Chapter 2 — Your First Smart Device: Plugs, Home Assistant, and Local Control
The Tapo P110 is a smart plug. It monitors power consumption, switches on and off remotely, and integrates with Home Assistant. It cost less than €15.
It was the entry point to understanding what “local control” actually means — and why it matters.
The Cloud Trap
Most consumer smart home devices work like this: you press a button in an app, the command travels to a server in a data center somewhere, the server sends a command to your device over the internet, the device responds, and the status update travels back through the same path.
This works fine until the company shuts down the server, changes the API, or gets acquired. At that point, your hardware becomes useless.
Local control means the command never leaves your network. Your Home Assistant instance talks directly to the device over your LAN. No internet required. No dependency on a third party’s uptime. No data leaving your home.
flowchart LR
subgraph Bad["☁️ Cloud-Dependent"]
D1[Smart Device] -->|WiFi| Cloud[Vendor Server]

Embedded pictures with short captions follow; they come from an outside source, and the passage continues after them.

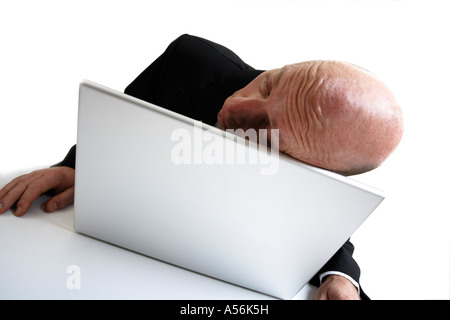 Mann schläft auf Laptop, Ansicht neigen Stockfoto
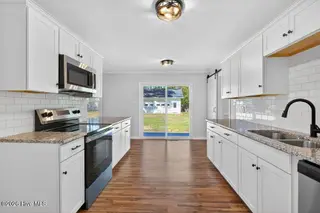 3504 Taylor Street, New Bern, NC 28560 — 4-bedroom home in Pinecrest, New Bern, NC, photo 7 of 28: Updated Kitchen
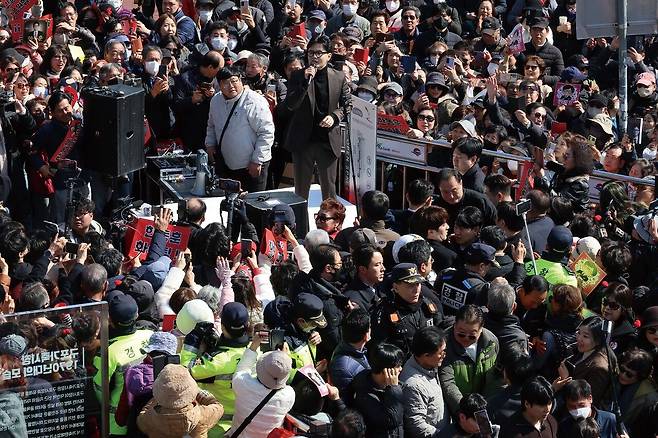 지난 3월 한동훈 국민의힘 전 대표가 부산 북구 구포시장을 찾았다. 이때 몰린 인파가 부산의 민심일지 귀추가 주목된다. [연합뉴스]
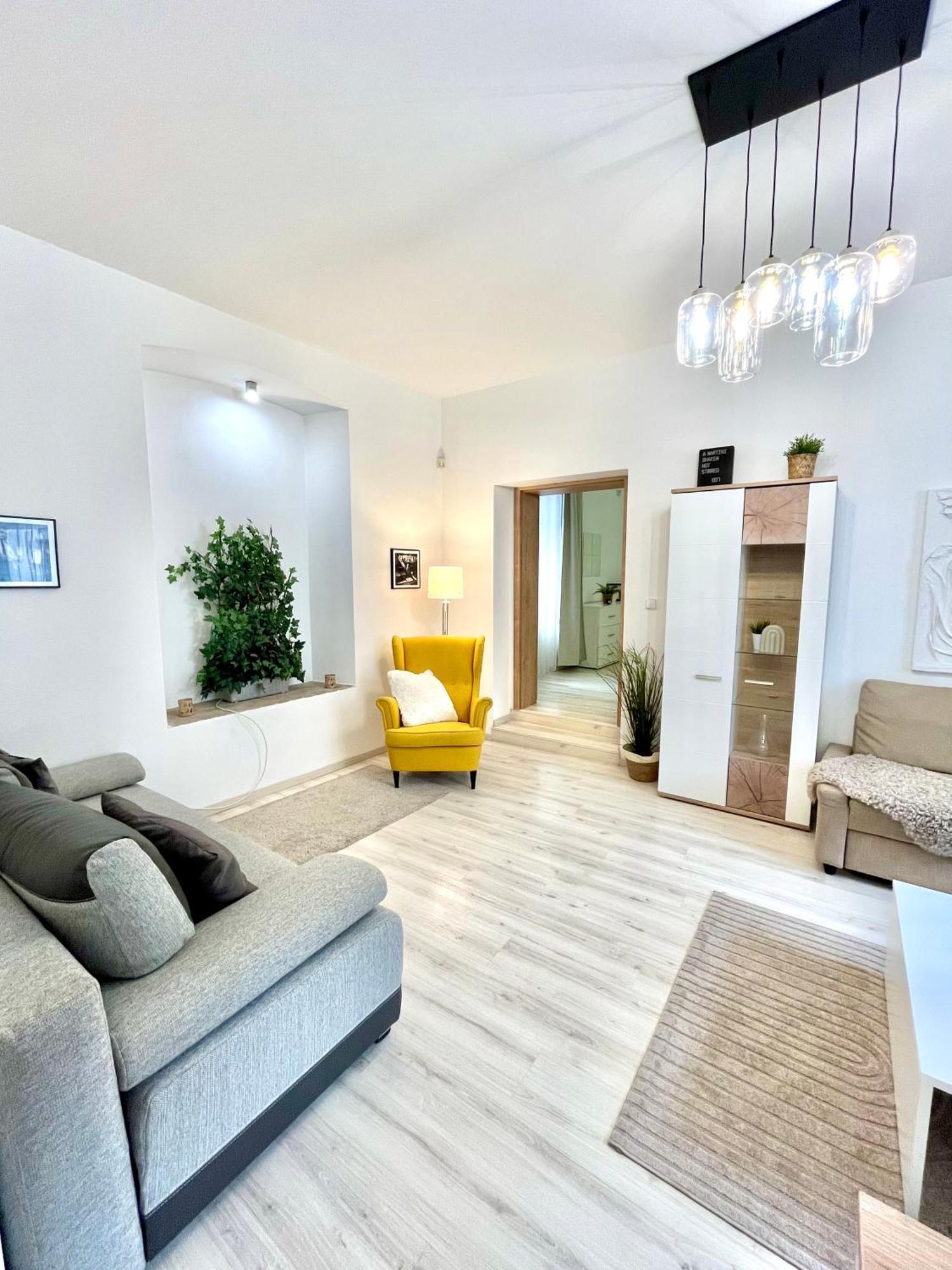 James Bond Apartment Top Location Air Conditioned 브라티슬라바 외부 사진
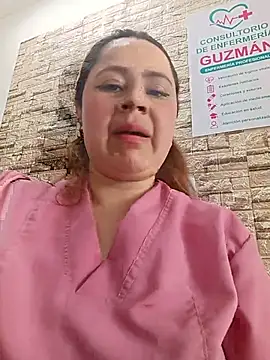 vanessa__28 (Ask my age) - BOOBS IN MY BOSS'S FACE😮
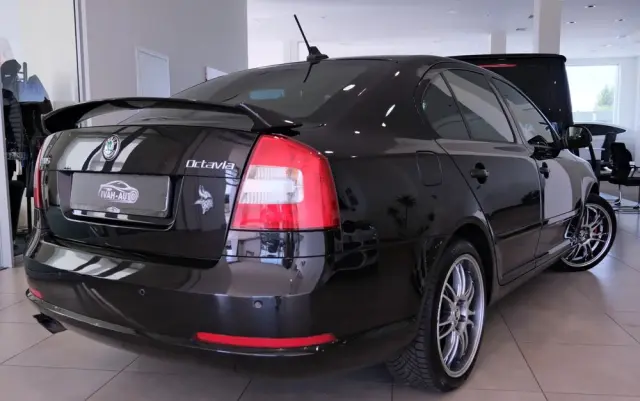 SKODA Octavia 2.0 TFSI RS DSG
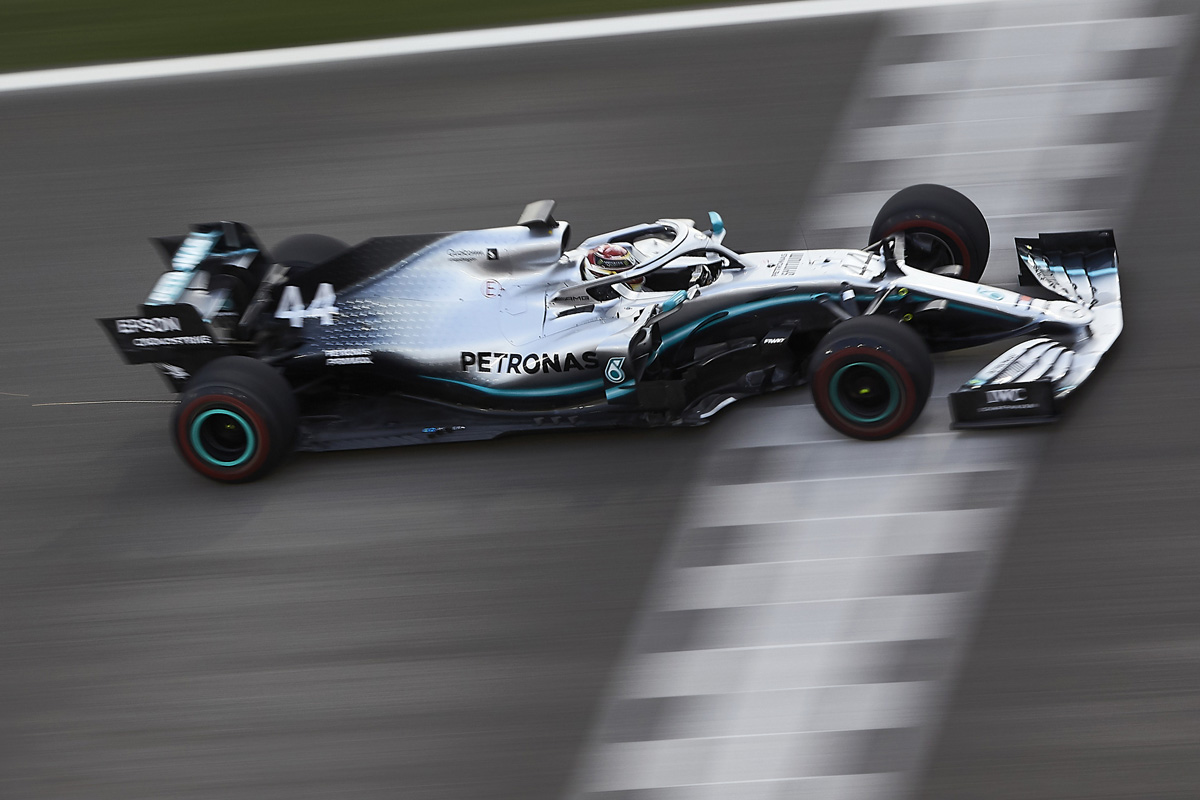 メルセデスF1 「W10が抱えている問題は特定している」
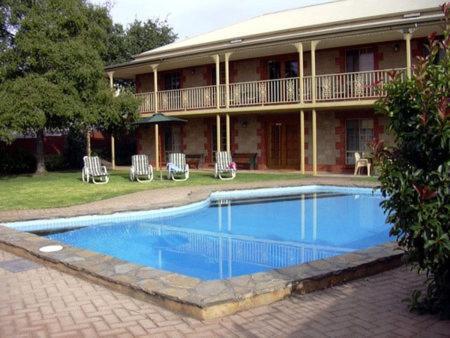 Clare Central - Dalby Accommodation 5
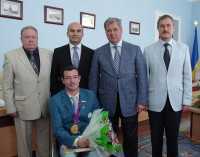 Пловцу из Севастополя дали сертификат на квартиру за золото Паралимпийских игр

Cloud -->|Internet| App[Your App]
App -->|Internet| Cloud
Cloud -->|WiFi| D1
end
subgraph Good["🏠 Local Control"]
D2[Smart Device] <-->|LAN only| HA[Home Assistant]
end
style Bad fill:#fff0f0,stroke:#cc0000
style Good fill:#f0fff0,stroke:#007700
The Tapo P110 supports local control via its Python library (PyP100). Once you have Home Assistant running, the Tapo integration polls the device directly. The result: near-instant response, works during internet outages, and your power consumption data stays on your server.
Home Assistant: The Hub
Home Assistant (HA) is an open-source home automation platform that runs on a Raspberry Pi (or in Docker, or on a dedicated device). It integrates with over 3,000 devices and services. The key concepts:
- Entities: anything that has a state — a switch, a sensor reading, a light brightness level
- Automations: rules that trigger actions based on entity state changes (“when temperature sensor > 28°C, turn on fan switch”)
- Dashboards: configurable views of your entities
- Integrations: the connectors between HA and specific devices or services
Setting up HA takes about 30 minutes for the base install. The rest of the time is spent discovering what’s already on your network (surprisingly satisfying) and building automations.
The First Automation Worth Building
The most immediately useful automation is not the most technically impressive one. It’s the one that makes something annoying stop being annoying.
A real example: a server rack draws 180W at idle. Overnight, that’s wasted electricity. An automation that turns the rack off at midnight and on at 6 AM, triggered by the Tapo P110, saves approximately €15/month at European electricity prices.
The power monitoring data from the P110 also gives you a baseline for understanding what each device in your home actually consumes — which tends to be surprising in both directions.


Takeaway: Local control means the command never leaves your network. Home Assistant is the hub. Start with a smart plug that monitors power consumption — the data alone justifies the purchase.